- [Your objective]
Every line from the one holding "Cold insulin stings" through the one holding "We're going to go" in the data below must be returned exactly, both ends included, with pictures left out and nothing else added.

Dataset entries
________________

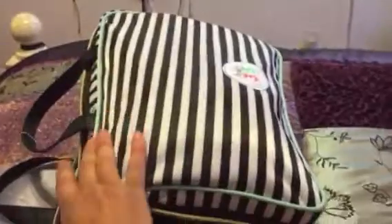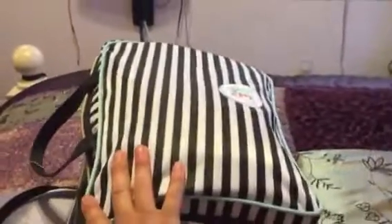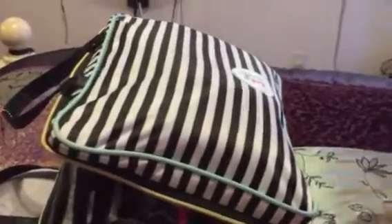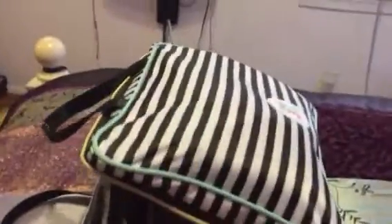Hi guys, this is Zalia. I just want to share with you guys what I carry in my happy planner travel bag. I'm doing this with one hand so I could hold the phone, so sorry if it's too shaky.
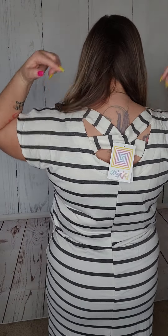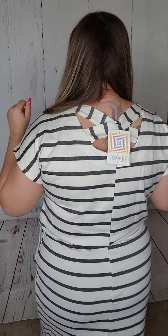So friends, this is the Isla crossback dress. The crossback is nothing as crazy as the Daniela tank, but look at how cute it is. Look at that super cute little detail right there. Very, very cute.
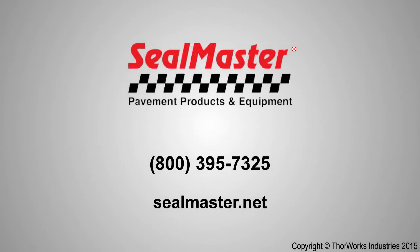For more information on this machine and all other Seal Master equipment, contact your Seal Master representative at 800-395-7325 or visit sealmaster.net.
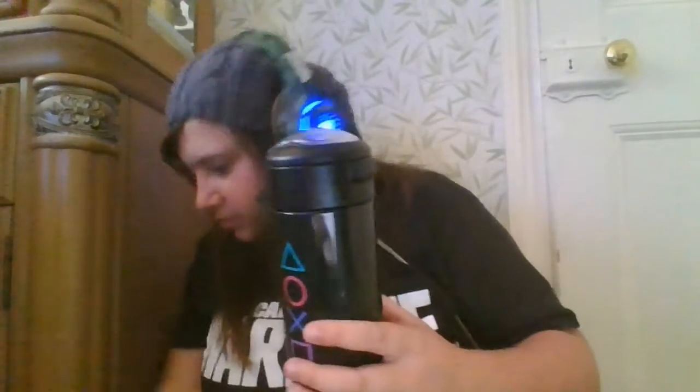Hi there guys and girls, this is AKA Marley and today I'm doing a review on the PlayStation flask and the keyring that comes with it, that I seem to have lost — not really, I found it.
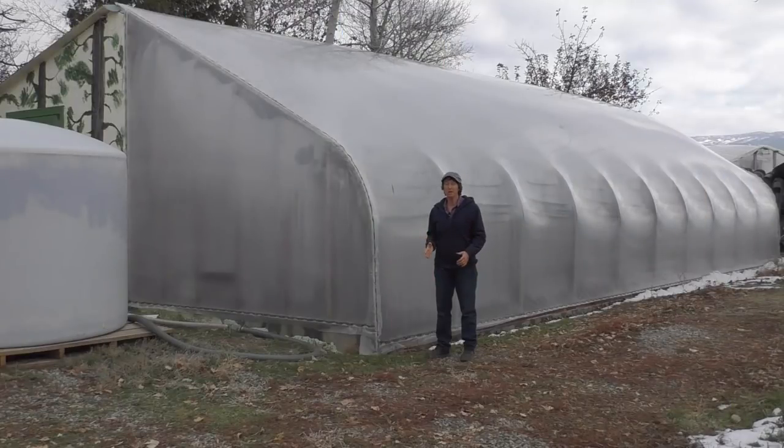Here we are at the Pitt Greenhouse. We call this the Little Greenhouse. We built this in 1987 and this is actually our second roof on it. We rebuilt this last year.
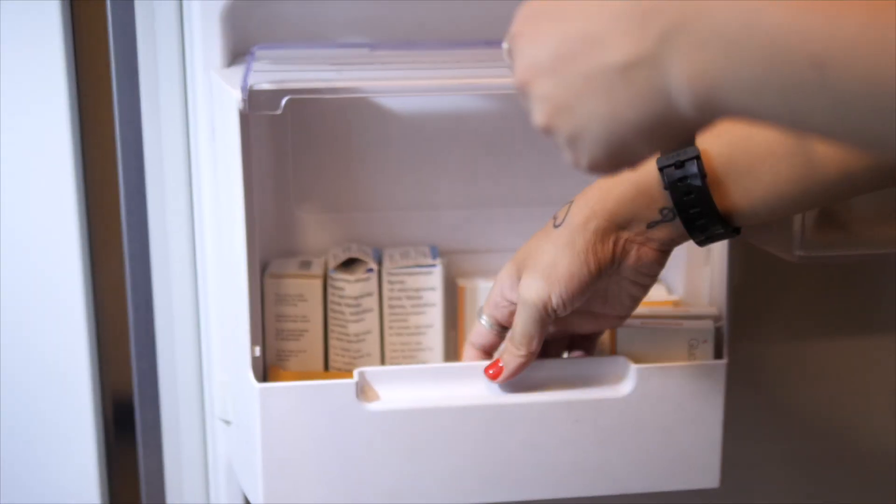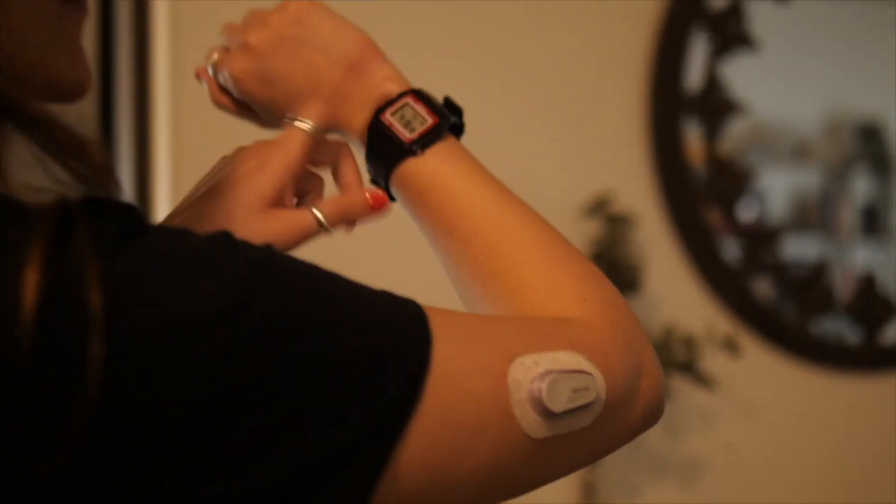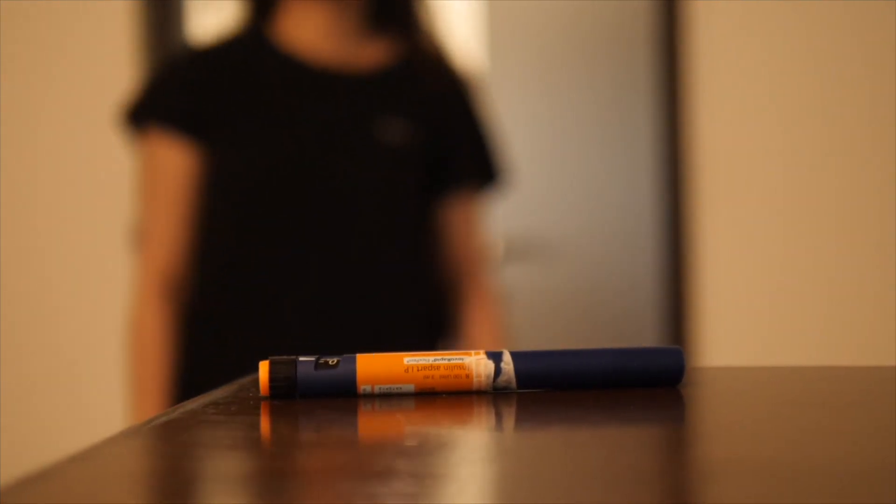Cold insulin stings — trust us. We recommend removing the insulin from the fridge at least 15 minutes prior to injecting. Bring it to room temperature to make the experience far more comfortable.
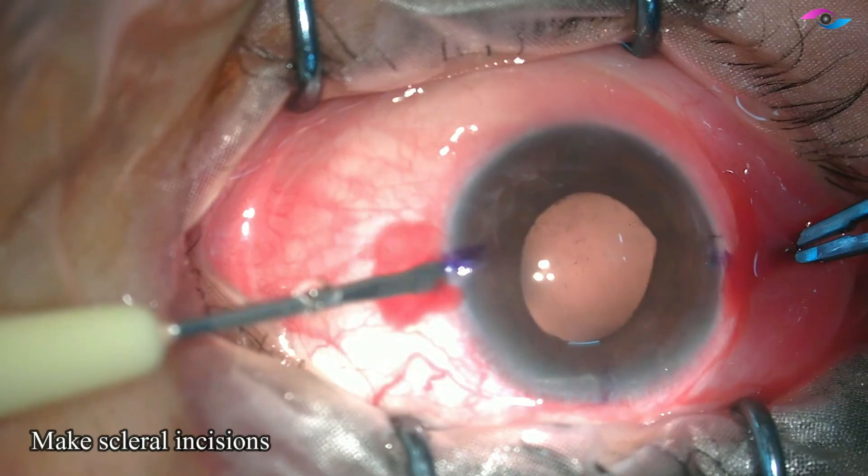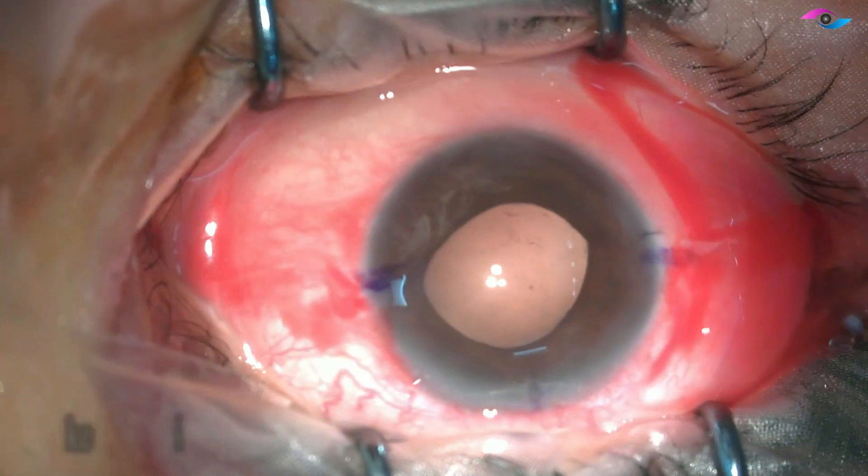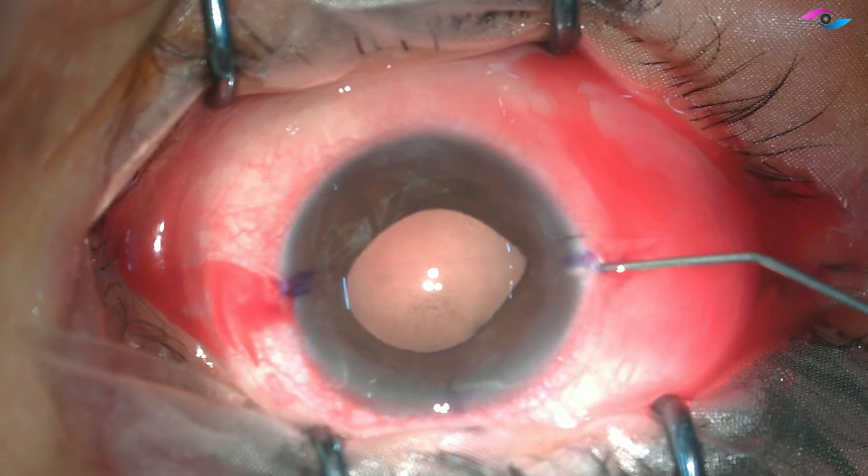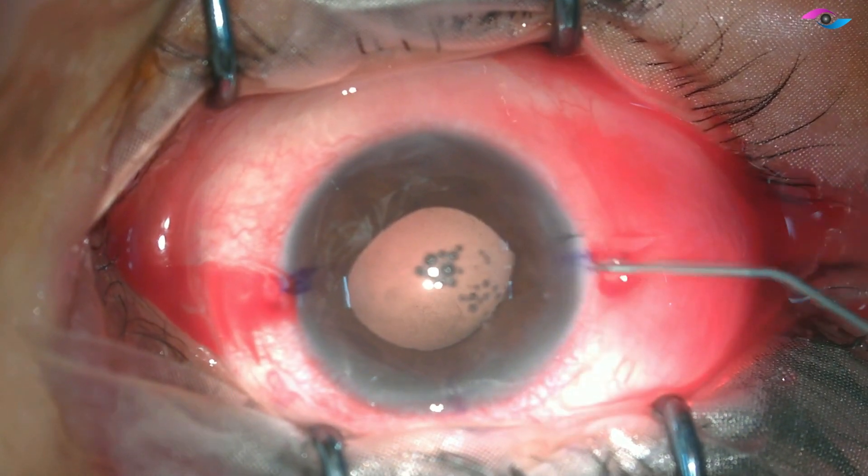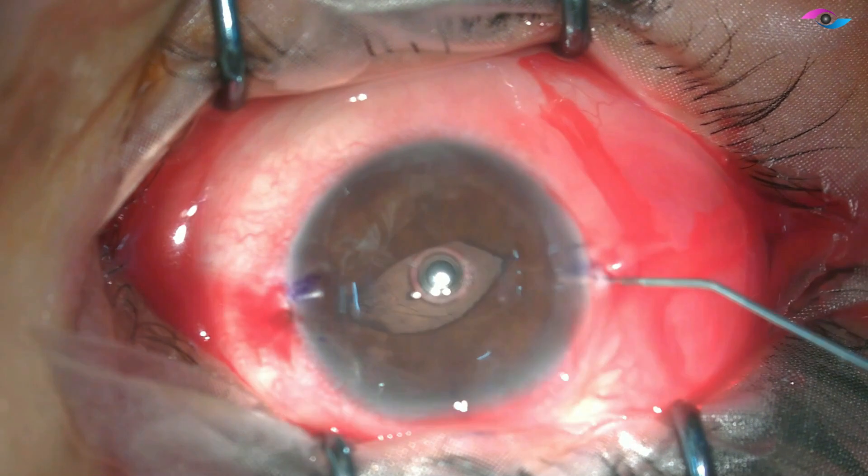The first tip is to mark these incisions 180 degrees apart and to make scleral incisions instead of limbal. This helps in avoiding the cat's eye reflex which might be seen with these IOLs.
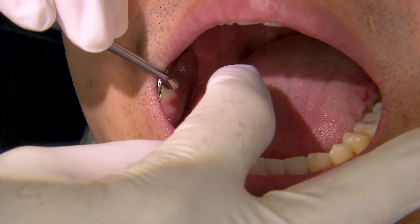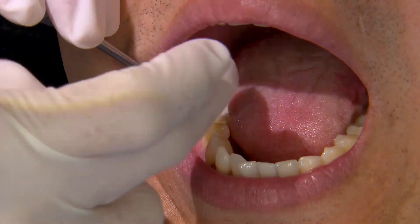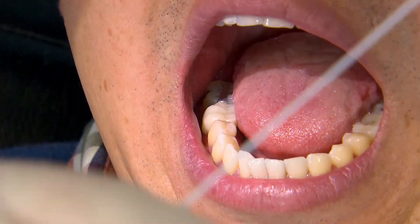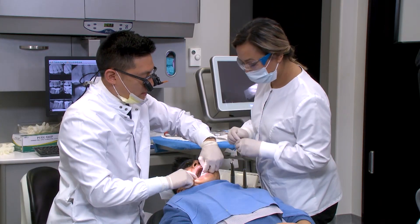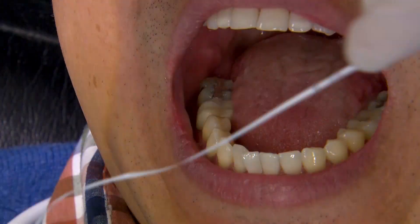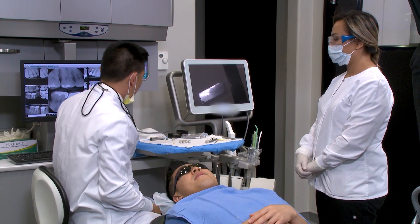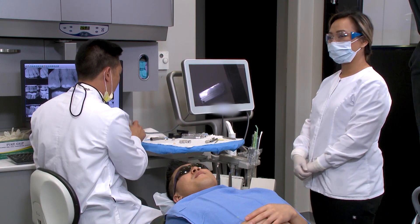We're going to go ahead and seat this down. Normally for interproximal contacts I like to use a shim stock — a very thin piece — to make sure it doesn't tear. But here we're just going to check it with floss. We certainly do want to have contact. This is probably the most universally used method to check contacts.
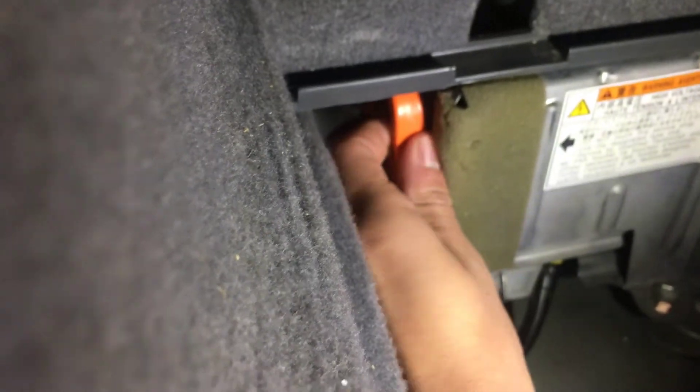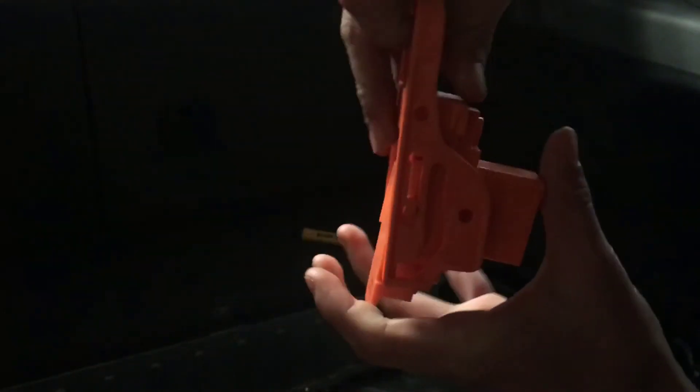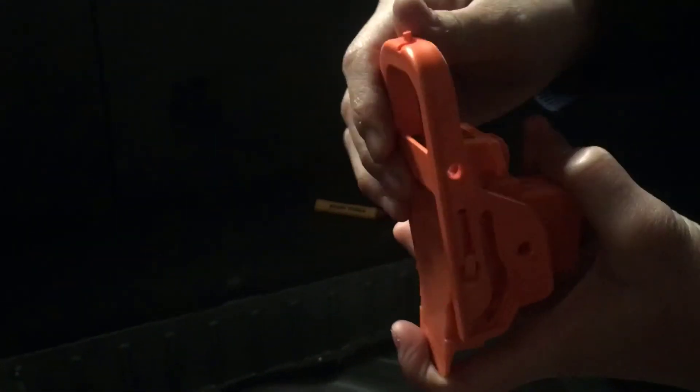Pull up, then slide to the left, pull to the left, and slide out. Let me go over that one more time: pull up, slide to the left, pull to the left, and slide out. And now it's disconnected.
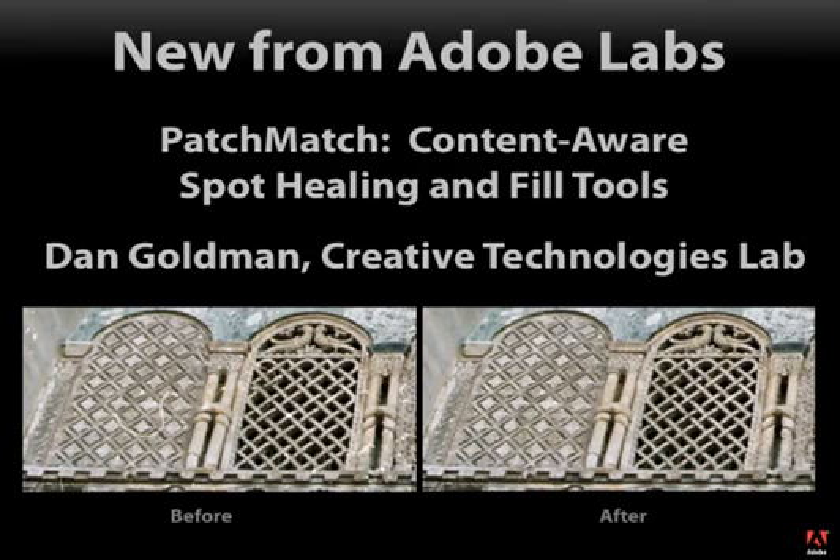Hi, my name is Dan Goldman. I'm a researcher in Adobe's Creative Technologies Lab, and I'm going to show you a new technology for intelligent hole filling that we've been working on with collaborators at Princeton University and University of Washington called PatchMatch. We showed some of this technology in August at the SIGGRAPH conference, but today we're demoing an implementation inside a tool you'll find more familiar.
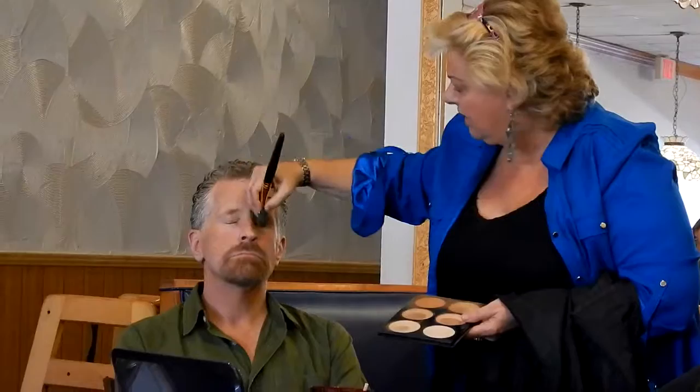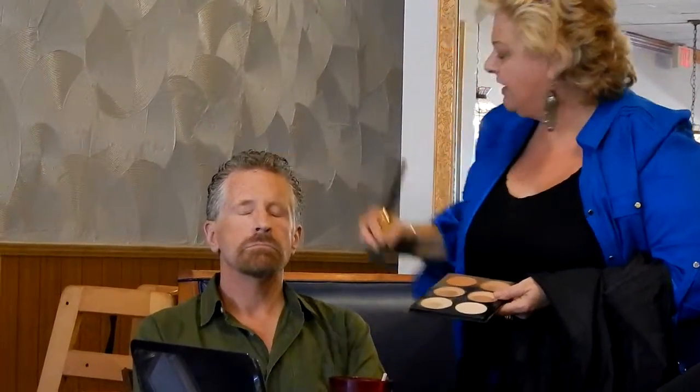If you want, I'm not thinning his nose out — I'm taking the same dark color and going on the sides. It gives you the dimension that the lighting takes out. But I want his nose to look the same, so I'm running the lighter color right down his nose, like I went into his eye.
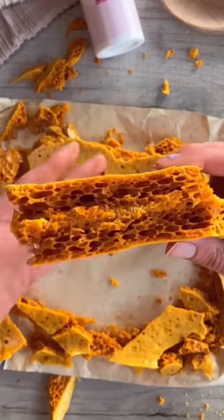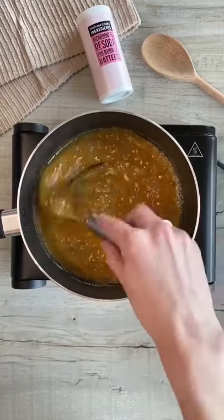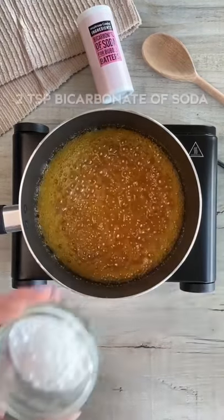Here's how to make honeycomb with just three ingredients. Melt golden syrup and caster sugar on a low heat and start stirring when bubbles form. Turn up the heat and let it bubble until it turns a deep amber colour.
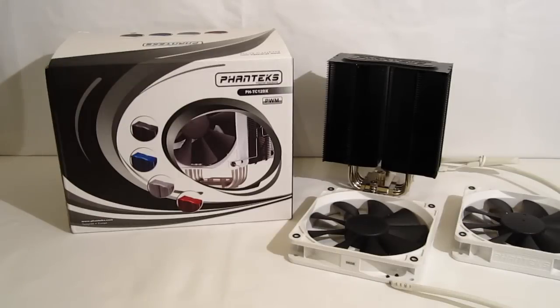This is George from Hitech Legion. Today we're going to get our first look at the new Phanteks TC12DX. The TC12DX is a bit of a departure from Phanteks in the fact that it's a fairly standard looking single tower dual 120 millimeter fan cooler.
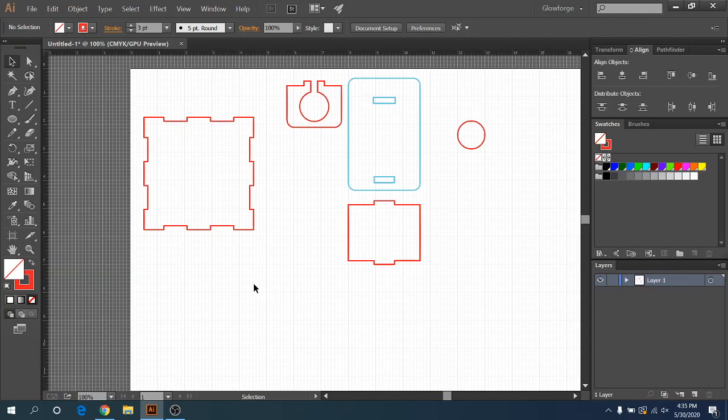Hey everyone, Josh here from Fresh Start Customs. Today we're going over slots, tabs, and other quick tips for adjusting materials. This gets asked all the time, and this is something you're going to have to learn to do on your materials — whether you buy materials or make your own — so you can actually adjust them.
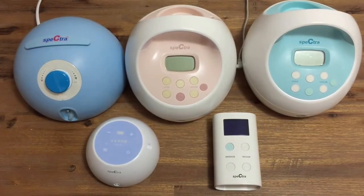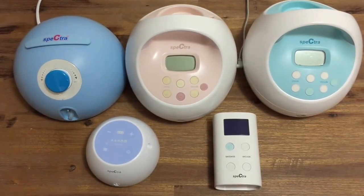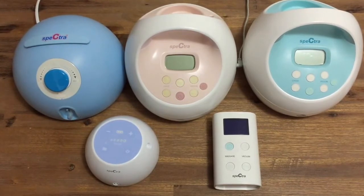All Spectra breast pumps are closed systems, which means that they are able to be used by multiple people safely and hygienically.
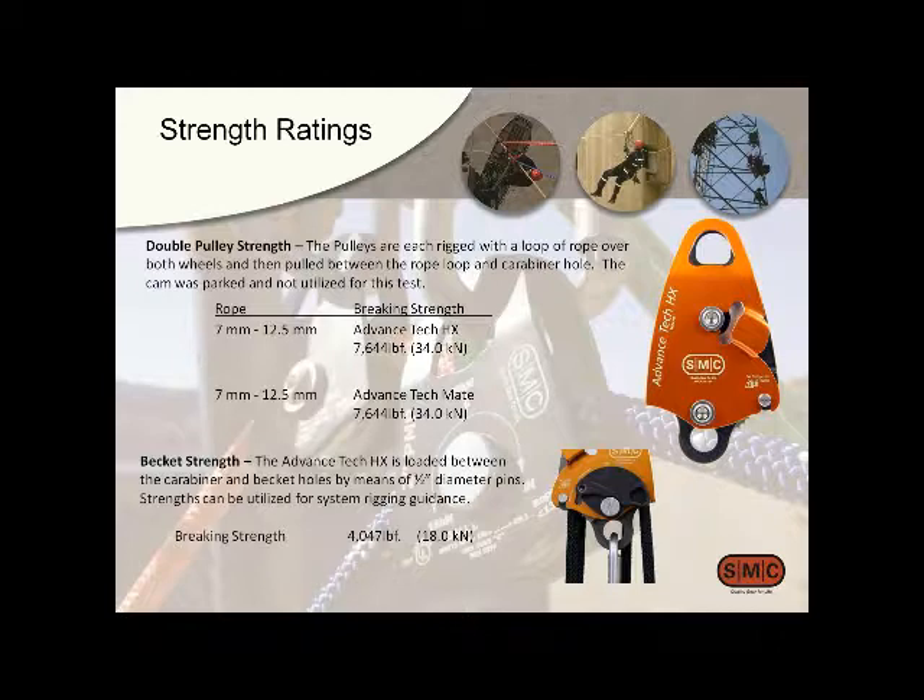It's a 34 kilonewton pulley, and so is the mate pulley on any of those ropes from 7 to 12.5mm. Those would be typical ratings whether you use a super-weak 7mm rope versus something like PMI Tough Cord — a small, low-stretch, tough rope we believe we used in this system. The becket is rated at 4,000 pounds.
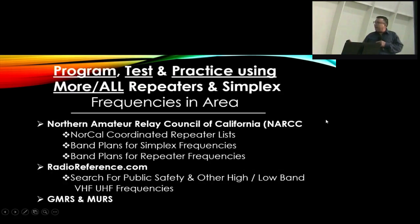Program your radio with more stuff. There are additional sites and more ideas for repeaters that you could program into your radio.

________________

- [Exercise result]
Cold insulin stings — trust us. We recommend removing the insulin from the fridge at least 15 minutes prior to injecting. Bring it to room temperature to make the experience far more comfortable.
The first tip is to mark these incisions 180 degrees apart and to make scleral incisions instead of limbal. This helps in avoiding the cat's eye reflex which might be seen with these IOLs.
We're going to go ahead and seat this down. Normally for interproximal contacts I like to use a shim stock — a very thin piece — to make sure it doesn't tear. But here we're just going to check it with floss. We certainly do want to have contact. This is probably the most universally used method to check contacts.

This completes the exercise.